Aim of the exercise —
Reproduce all of the entries below exactly, without images.

Task inputs —
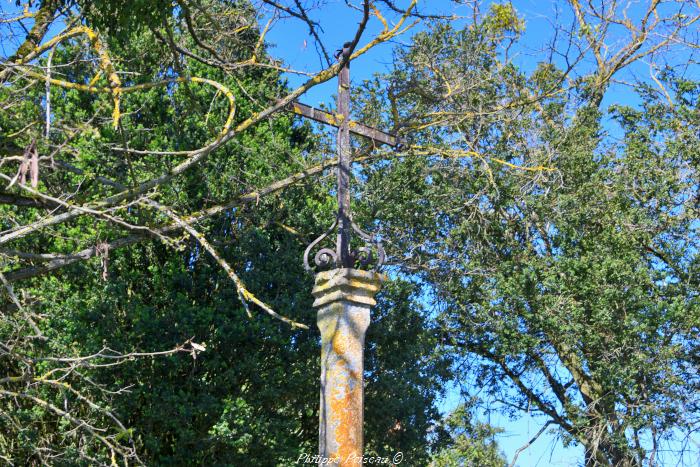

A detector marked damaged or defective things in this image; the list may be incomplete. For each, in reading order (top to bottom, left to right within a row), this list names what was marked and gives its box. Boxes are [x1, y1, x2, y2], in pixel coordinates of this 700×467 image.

rusted metal [290, 103, 400, 147]
rusted metal [314, 268, 386, 466]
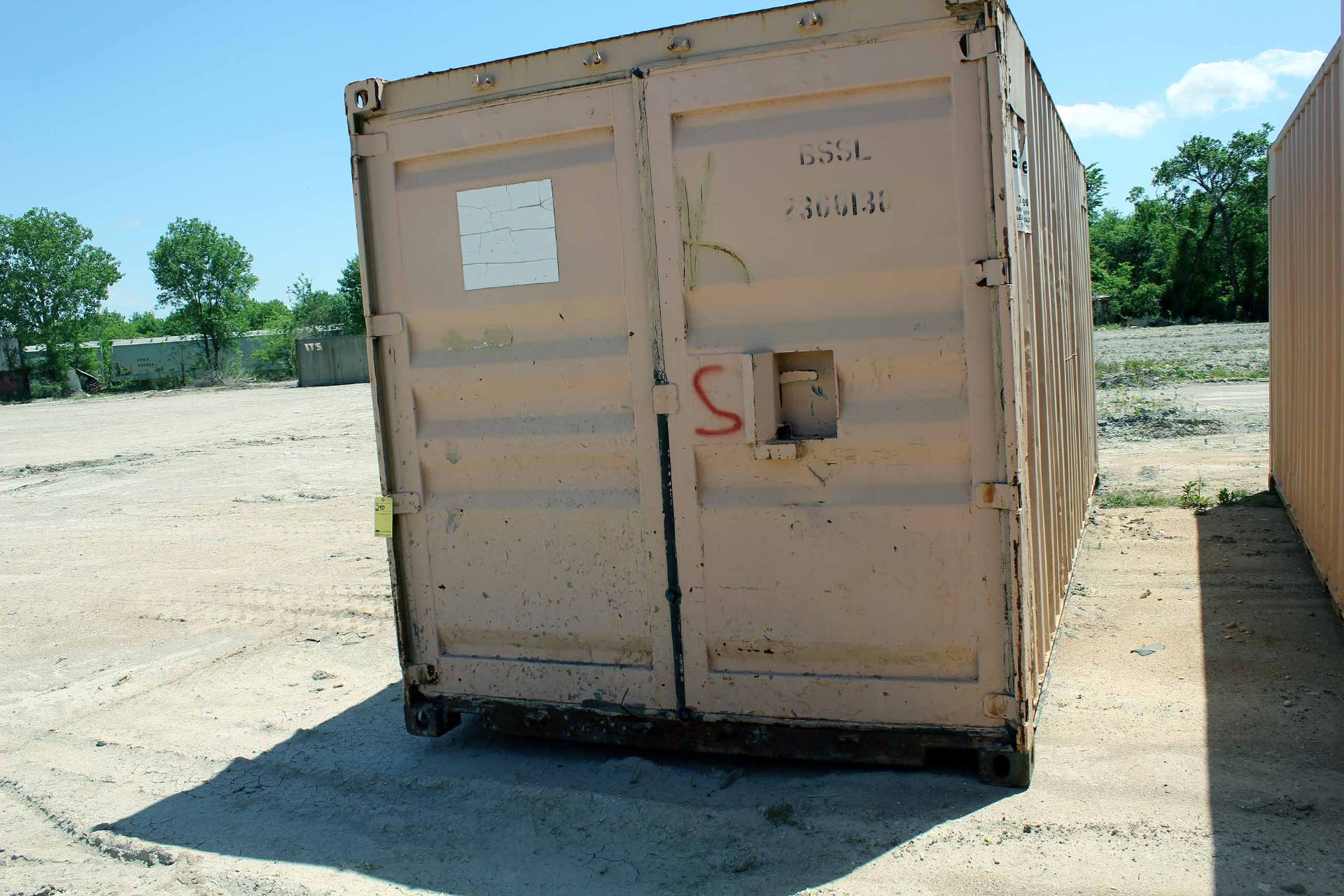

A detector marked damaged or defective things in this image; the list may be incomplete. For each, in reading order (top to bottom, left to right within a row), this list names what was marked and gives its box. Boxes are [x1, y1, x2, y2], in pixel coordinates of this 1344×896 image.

rust stain on container [344, 0, 1091, 790]
rust stain on container [1268, 38, 1344, 620]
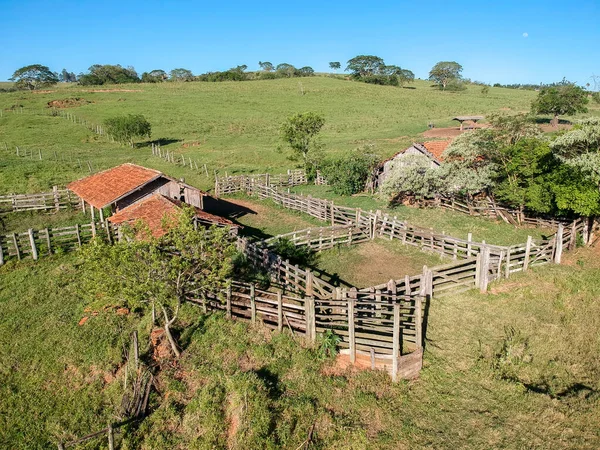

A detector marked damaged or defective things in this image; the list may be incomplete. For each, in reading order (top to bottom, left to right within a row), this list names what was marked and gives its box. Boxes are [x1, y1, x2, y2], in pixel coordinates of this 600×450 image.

rusty roof [67, 163, 163, 209]
rusty roof [108, 194, 237, 239]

Answer to this problem —
A detector marked damaged or defective things in this image; the list may be incomplete. For each, in reading order (top to bottom, left to right within a row), this list names what was marked and gives its box. Boxes are [x1, y1, x2, y2], in pixel coordinates of this 700×467 image.

rusted metal [290, 103, 400, 147]
rusted metal [314, 268, 386, 466]

A detector marked damaged or defective things in this image; the list may be incomplete. For each, in reading order (top to bottom, left to right within a row), this list names what was marked and gives its box. Boxes are [x1, y1, x2, y2], in pixel coordinates of this 1344×896 image.

rust stain on container [344, 0, 1091, 790]
rust stain on container [1268, 38, 1344, 620]

A detector marked damaged or defective things in this image; the list may be incomplete. For each, in reading order (top to bottom, left to right within a row), this list names what was marked and gives its box. Boxes are [x1, y1, x2, y2], in pixel coordinates of this 600×450 image.

rusty roof [67, 163, 163, 209]
rusty roof [108, 194, 237, 239]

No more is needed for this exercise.